_Activity_. Return verbatim the lines that run from the one holding "Okretna stolica SORIA" to the end of the listing, both ends included, without the pictures.

_Dataset extract_.
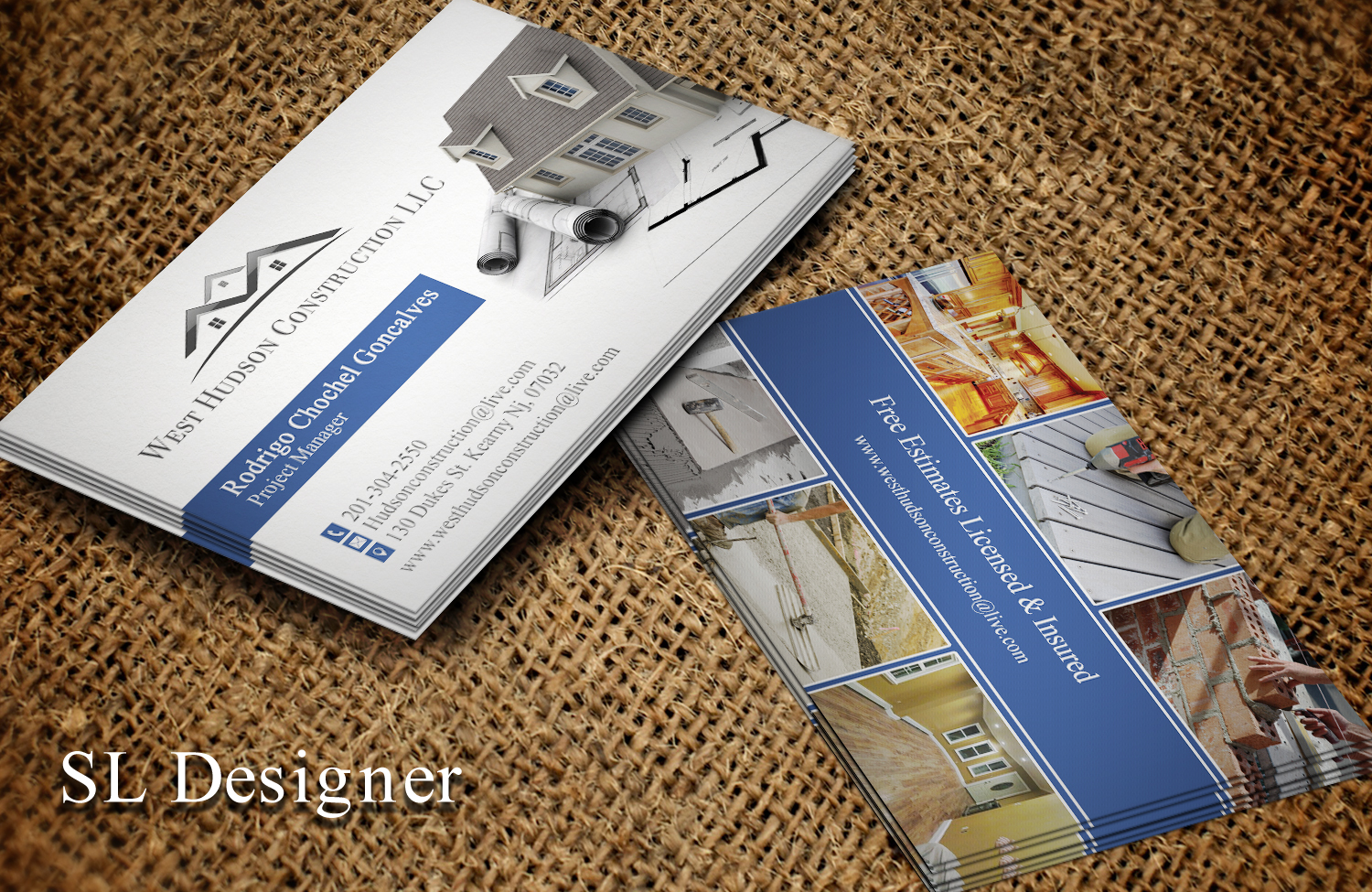 Business Card Design by SL Designer for West Hudson Construction LLC | Design #12951064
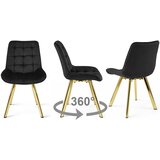  Okretna stolica SORIA 360, crni baršun, zlatne metalne noge, set 2 kom | shoptok.hr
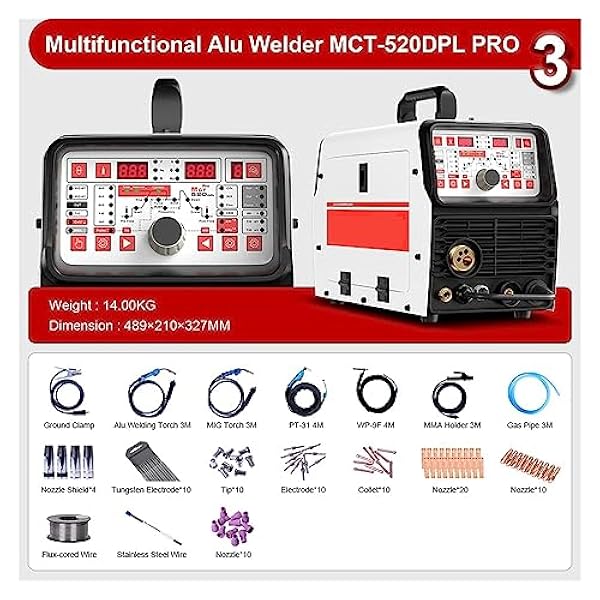 Lödning kit MIG WELDER Multifunktionell,MIG TIG MMA CUT KALLAluminio Soldadura 6 En 1,MIG WELDING Machine (Color : Set 3, Size : 1)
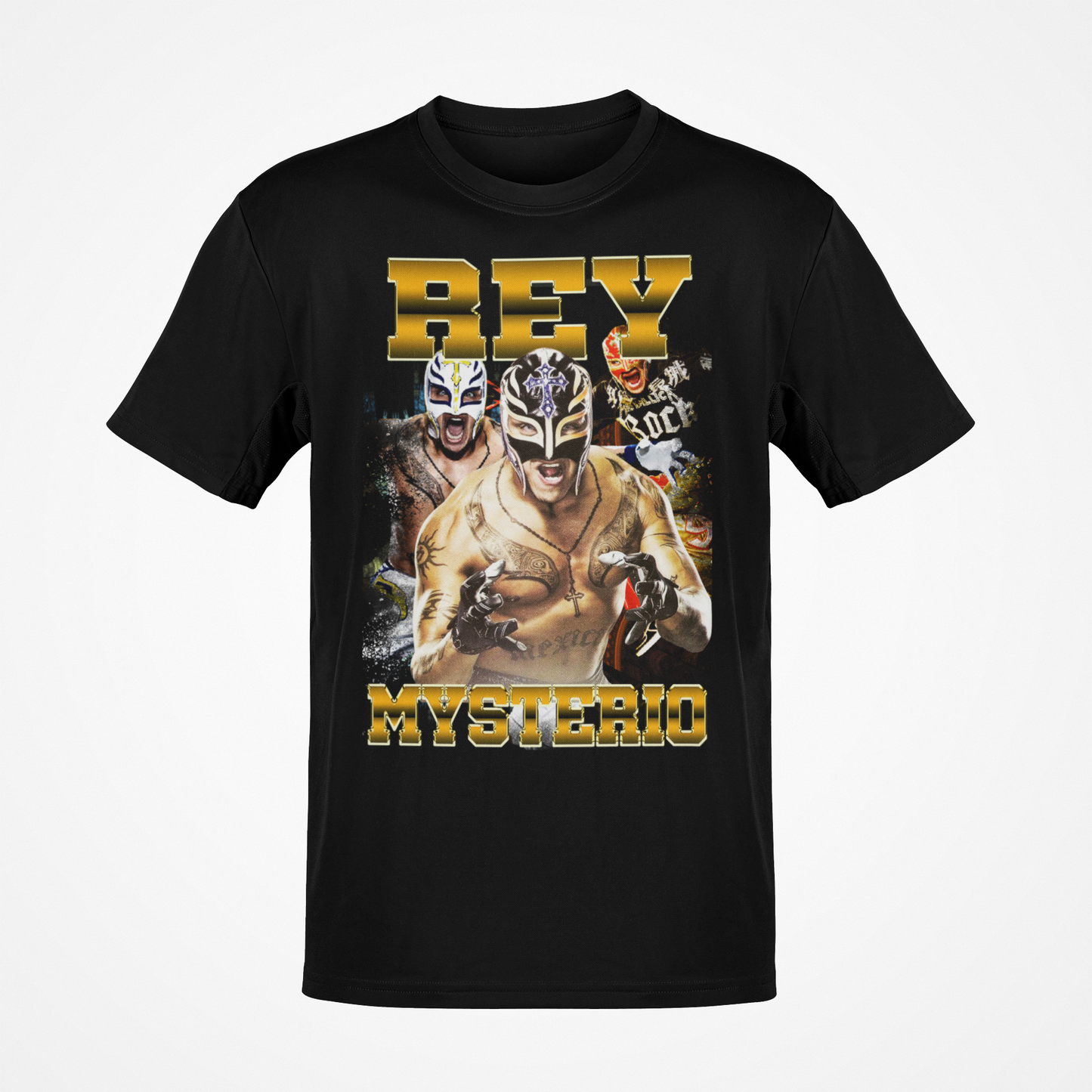 Rey Mysterio Shouting Mens Black T-shirt WWE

_Answer for the task_.
  Okretna stolica SORIA 360, crni baršun, zlatne metalne noge, set 2 kom | shoptok.hr
 Lödning kit MIG WELDER Multifunktionell,MIG TIG MMA CUT KALLAluminio Soldadura 6 En 1,MIG WELDING Machine (Color : Set 3, Size : 1)
 Rey Mysterio Shouting Mens Black T-shirt WWE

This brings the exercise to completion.